_Task instructions_
Retype, without changes or pictures, only the lines that begin at the one containing "Modern minimalist living" and end at the last line of the records that follow.

_Input data_

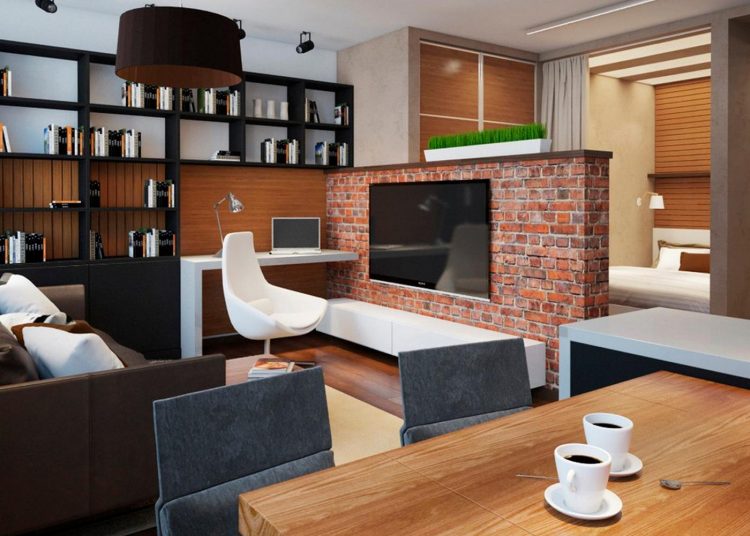 Egyszobás lakás remek berendezése a funkcionális terek ügyes szervezésével – sok tégla és fa felülettel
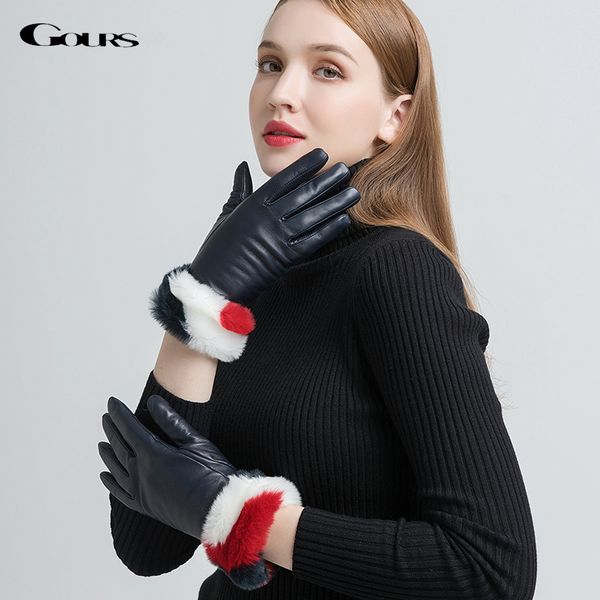 

five fingers gloves gours genuine leather winter women fashion black navy blue touch screen warm hand driving 2021 mittens gsl085, Blue;gray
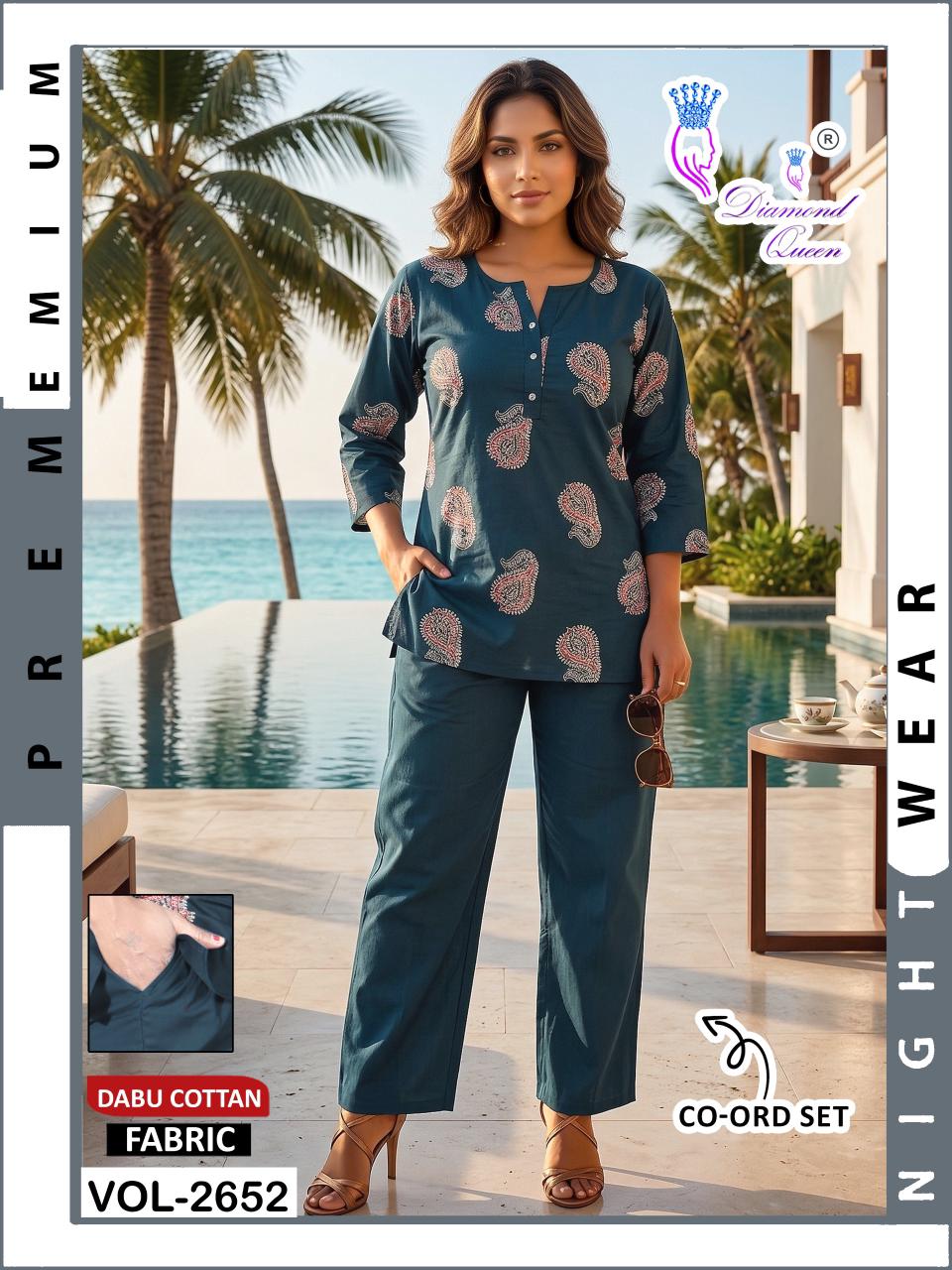 Vol 2648-2653 Diamond Queen Dhabu Cotton Co Ord Set Wholesale Price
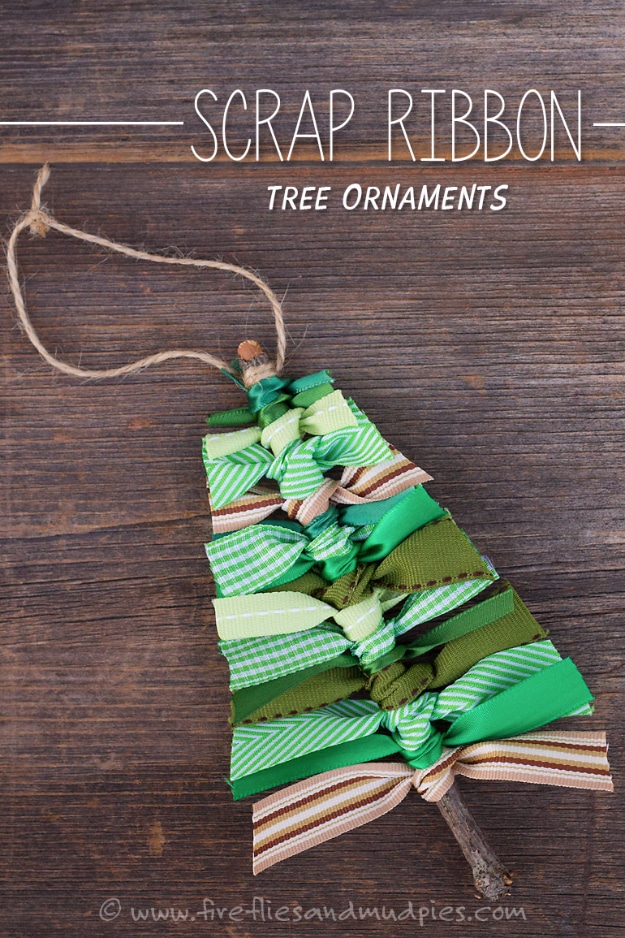 Best DIY Ornaments for Your Tree - Best DIY Ornament Ideas for Your Christmas Tree - Scrap Ribbon Tree Ornaments - Cool Handmade Ornaments, DIY Decorating Ideas and Ornament Tutorials - Creative Ways To Decorate Trees on A Budget - Cheap Rustic Decor, Easy Step by Step Tutorials - Holiday Crafts for Kids #christmas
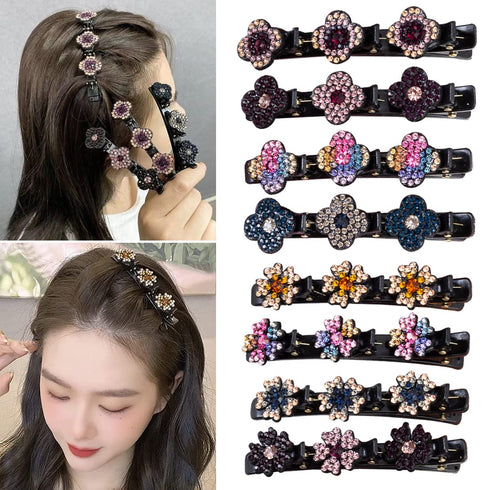 Sparkling Crystal Stone Braided Hair Clover Clips - 8 Pcs Hair Accessories for Thick and Thin Hair Styling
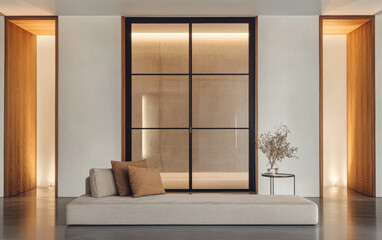 Modern minimalist living room design featuring a low sofa and elegant lighting at evening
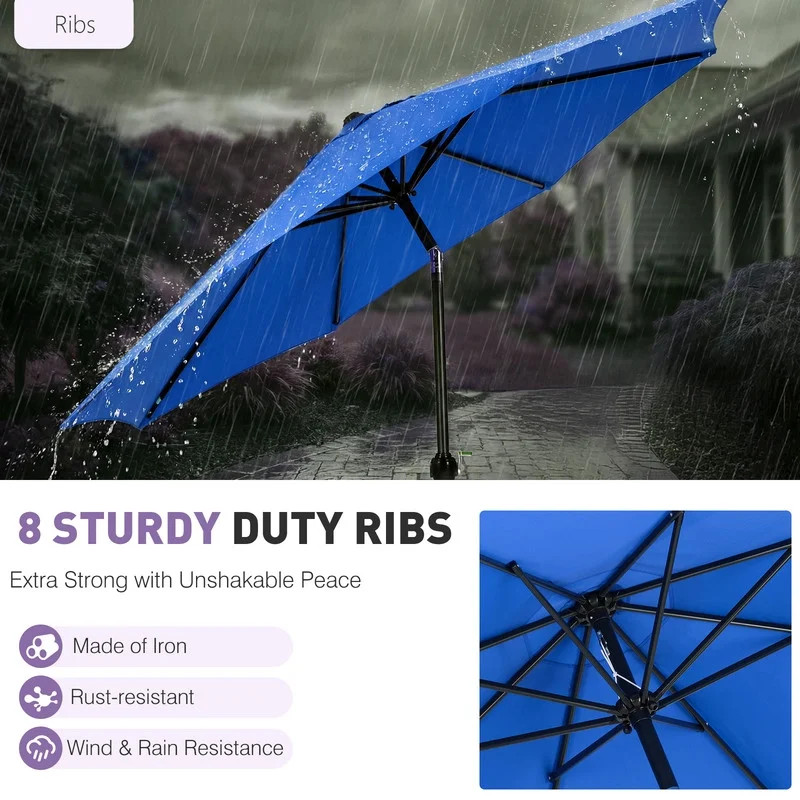 Garden & Patio 9FT Outdoor Patio Umbrella Market Table Polyester Fabric Canopy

_Result of this task_
 Modern minimalist living room design featuring a low sofa and elegant lighting at evening
 Garden & Patio 9FT Outdoor Patio Umbrella Market Table Polyester Fabric Canopy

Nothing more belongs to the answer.